9. Für das Exequaturverfahren werden gemäss Art. 108 i.V.m. Art. 31 IRSG keine Kosten erhoben. Die Vorinstanz hat zu Recht darauf verzichtet, für das erstinstanzliche Verfahren Kosten zu erheben, insbesondere auch für die Mitwirkung anderer Behörden. Das Verbot der Kostenauferlegung erfasst das gesamte Exequaturverfahren, und damit auch das vorliegende Rechtsmittelverfahren (Art. 106 Abs. 3 IRSG). Auf eine Kostenerhebung ist daher auch im Rahmen des vorliegenden Beschwerdeverfahrens zu verzichten. Die amtliche Verteidigung ist der Beschwerdeführerin für das Beschwerdeverfahren zu gewähren und Rechtsanwalt Sascha Schürch ist ihr als amtlicher Verteidiger beizuordnen. Dessen Entschädigung ist aufgrund der eingereichten Honorarnote auf CHF 2’009.90 festzusetzen.
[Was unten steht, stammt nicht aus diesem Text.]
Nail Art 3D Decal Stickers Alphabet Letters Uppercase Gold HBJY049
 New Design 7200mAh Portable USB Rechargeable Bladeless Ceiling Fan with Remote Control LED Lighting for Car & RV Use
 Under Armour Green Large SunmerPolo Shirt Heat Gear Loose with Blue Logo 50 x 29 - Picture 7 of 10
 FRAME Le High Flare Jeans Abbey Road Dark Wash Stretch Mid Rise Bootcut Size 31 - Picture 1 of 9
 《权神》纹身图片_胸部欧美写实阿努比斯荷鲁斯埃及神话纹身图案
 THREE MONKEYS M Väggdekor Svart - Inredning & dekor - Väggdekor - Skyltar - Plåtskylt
Vorbehalten bleibt der Rückforderungsanspruch des Staates für die Dauer von 10 Jahren, sobald es die wirtschaftlichen Verhältnisse der Beschwerdeführerin erlauben.
Demnach wird erkannt:
1. Die Beschwerde wird abgewiesen.
2. Das Urteil des Amtsgerichts [...], [...], vom 5. Dezember 2013 i.V.m. dem Urteil des Appellationsgerichts [...], [...], vom 14. März 2014 wird als in der Schweiz vollstreckbar erklärt.
3. Die vom [...] Appellationsgericht ausgefällte Freiheitsstrafe von 3 Jahren wird in der Schweiz für vollstreckbar erklärt. Das Amt für Justizvollzug des Kantons Solothurn wird mit dem Vollzug dieser Strafe beauftragt.
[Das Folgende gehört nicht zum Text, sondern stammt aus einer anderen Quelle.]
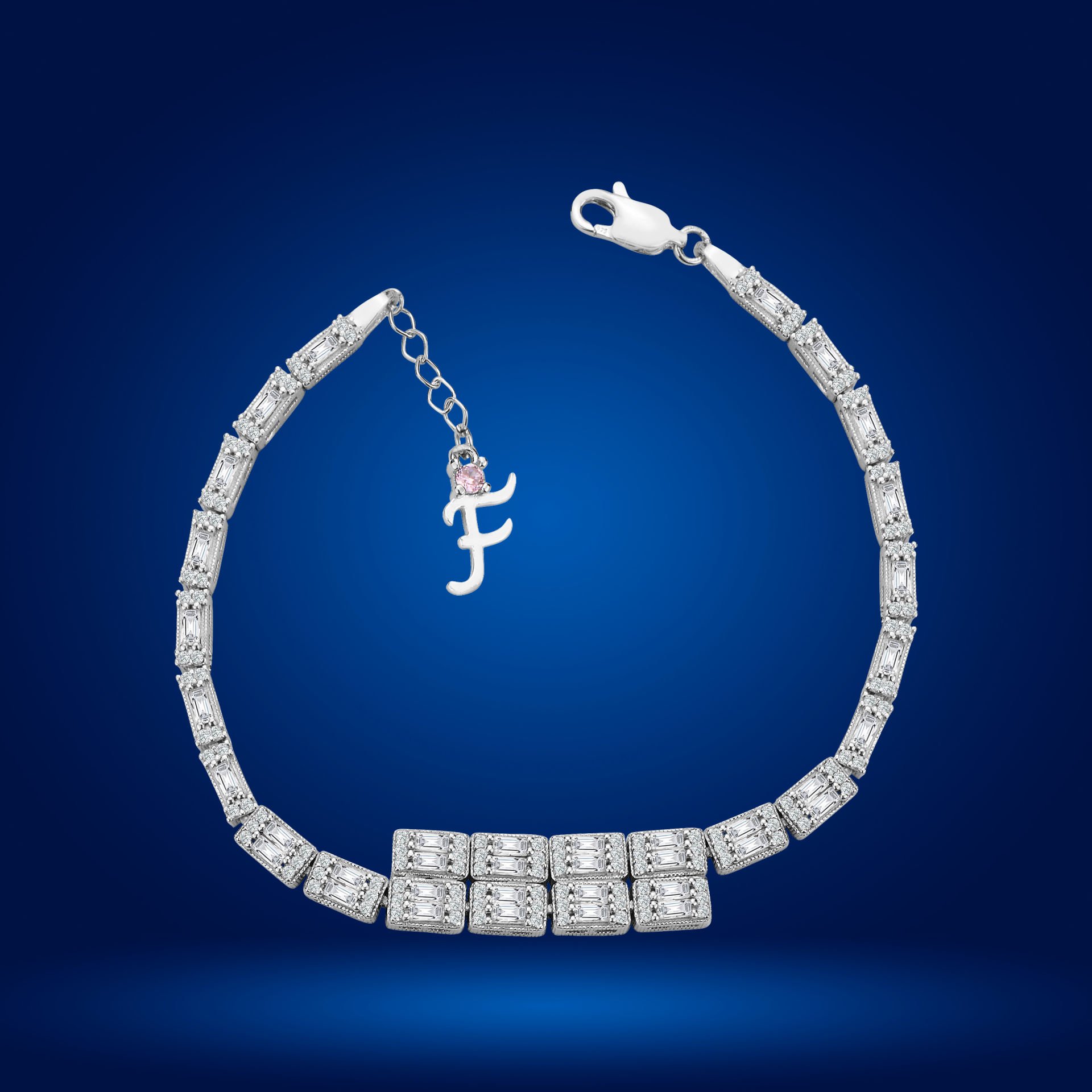 925 Ayar Gümüş Ful Baget Zincir Harfli Su Yolu Bileklik F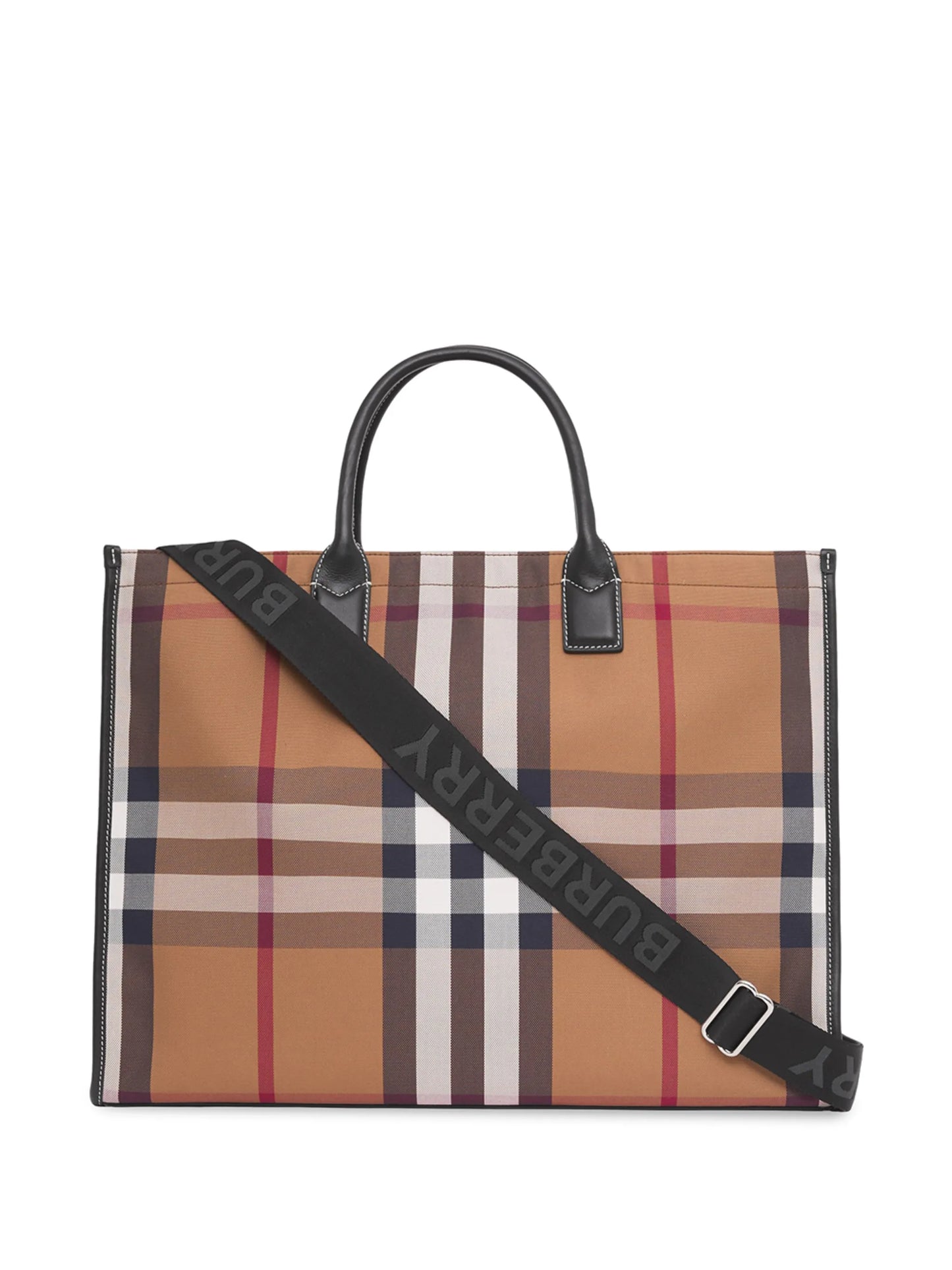 check-print tote bag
4. Der ausgestandene Freiheitsentzug im Rahmen der Auslieferungshaft wird der Beschwerdeführerin an die Strafe angerechnet.
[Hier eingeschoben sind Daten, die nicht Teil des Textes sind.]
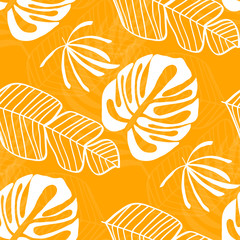 Fototapeta na wymiar Tropical pattern with white leaves of monstera, banana and palm trees on a yellow background. Exotic seamless pattern.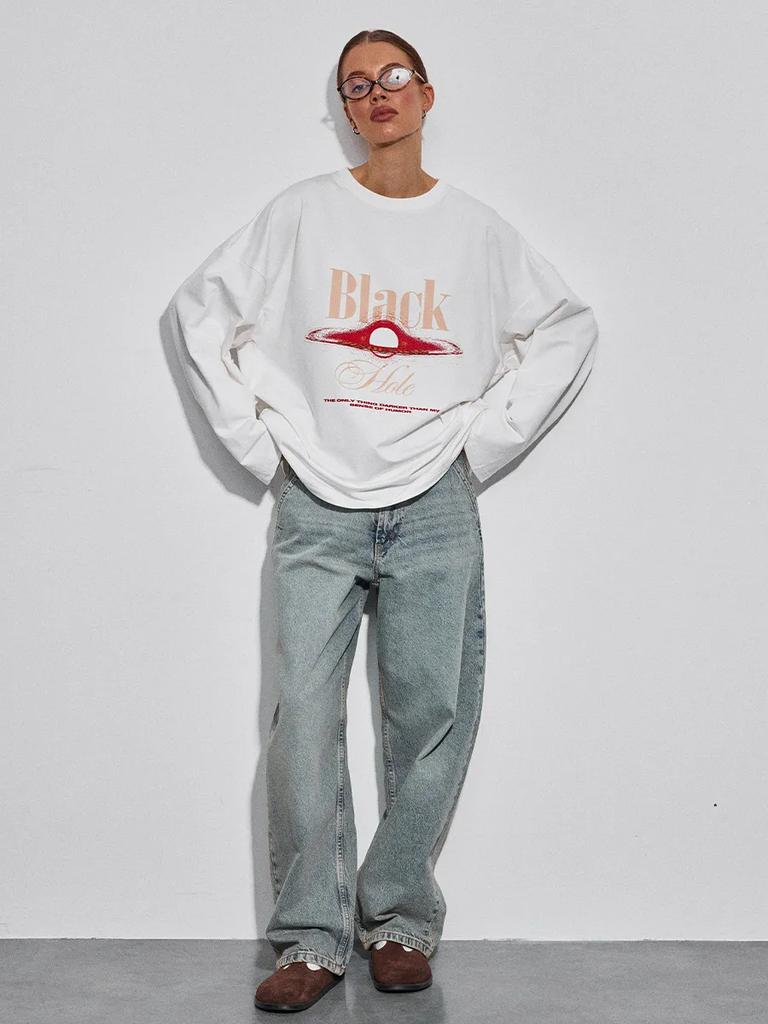 Loose personality popular niche chic design sense printing autumn new cotton t-shirt hiphop
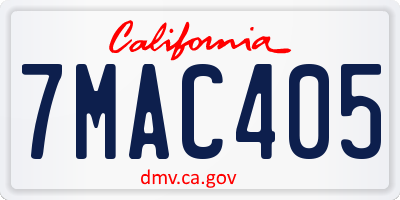 CA license plate 7MAC405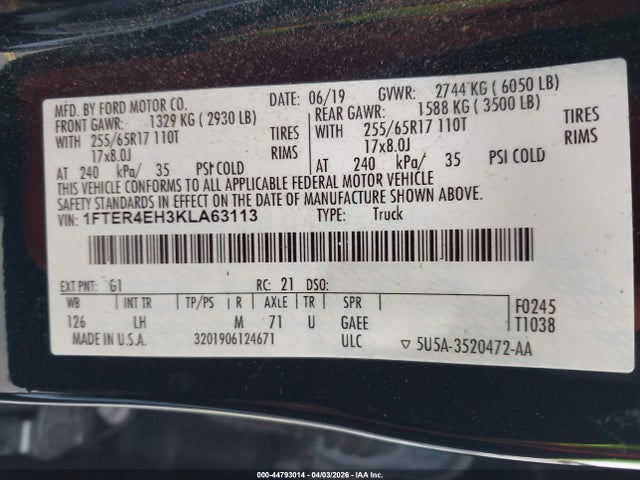 2019 FORD RANGER 1FTER4EH3KLA63113 Photo 8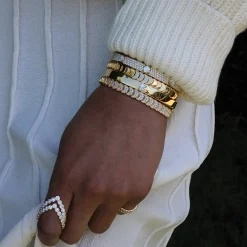 Cheap PAVE OVAL BRACELET WITH THREE ROUND DIAMONDS Bangles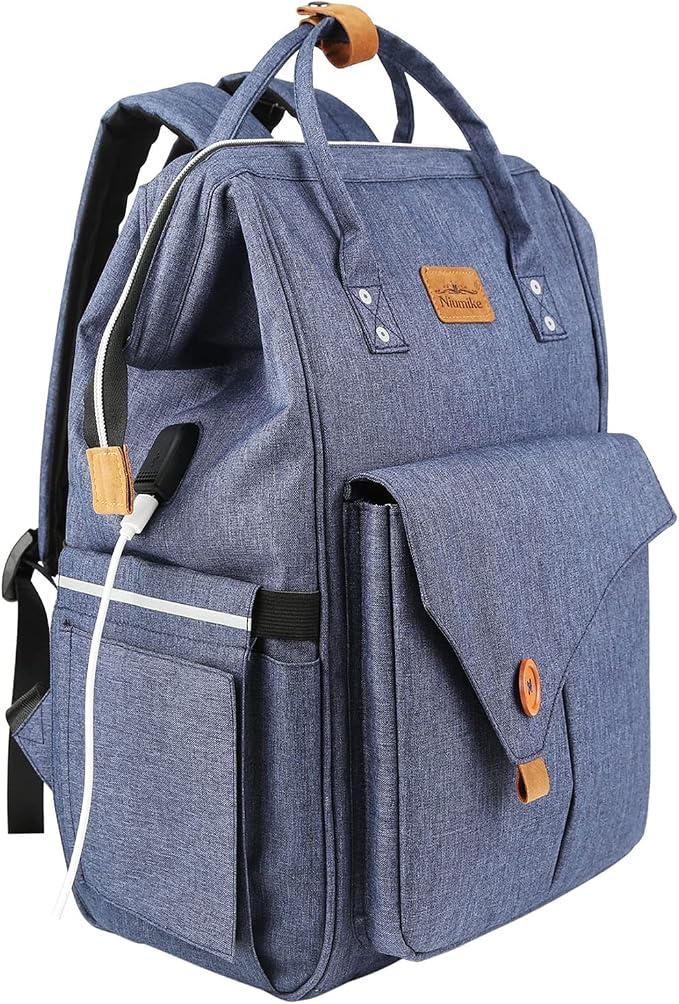 Niumike Baby Diaper Bag Backpack Multifunction Large Capacity Maternity Baby Changing Bags with Changing Pad and USB Waterproof Stylish Mothers Day Gifts for Mom Navy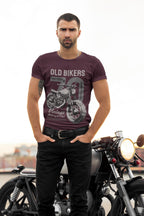 Men's Burgundy Round Neck T-shirts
5. Es werden keine Kosten erhoben.
6. Der Beschwerdeführerin wird für das Beschwerdeverfahren die amtliche Verteidigung bewilligt und Rechtsanwalt Sascha Schürch wird ihr als amtlicher Verteidiger beigeordnet.
7. Die Entschädigung für den amtlichen Verteidiger der Beschwerdeführerin, Rechtsanwalt Sascha Schürch wird für das Beschwerdeverfahren auf CHF 2’009.90 festgesetzt. Sie ist zahlbar durch den Staat Solothurn resp. auszahlbar durch die Zentrale Gerichtskasse. Vorbehalten bleibt der Rückforderungsanspruch des Staates für die Dauer von 10 Jahren, sobald es die wirtschaftlichen Verhältnisse der Beschwerdeführerin erlauben.
Rechtsmittel: Gegen diesen Entscheid kann innert 30 Tagen seit Erhalt des begründeten Urteils beim Bundesgericht Beschwerde in Strafsachen eingereicht werden (Adresse: 1000 Lausanne 14). Die Frist beginnt am Tag nach dem Empfang des begründeten Urteils zu laufen und wird durch rechtzeitige Aufgabe bei der Post gewahrt. Die Frist ist nicht erstreckbar. Die Beschwerdeschrift hat die Begehren, deren Begründung mit Angabe der Beweismittel und die Unterschrift des Beschwerdeführers oder seines Vertreters zu enthalten. Für die weiteren Voraussetzungen sind die Art. 78 ff. und 90 ff. des Bundesgerichtsgesetzes massgeblich.
Im Namen der Beschwerdekammer des Obergerichts
Die Präsidentin Die Gerichtsschreiberin
Jeger Riechsteiner
Das Bundesgericht ist mit Urteil vom 10. April 2019 auf die dagegen erhobene Beschwerde nicht eingetreten (BGer 6B_245/2019).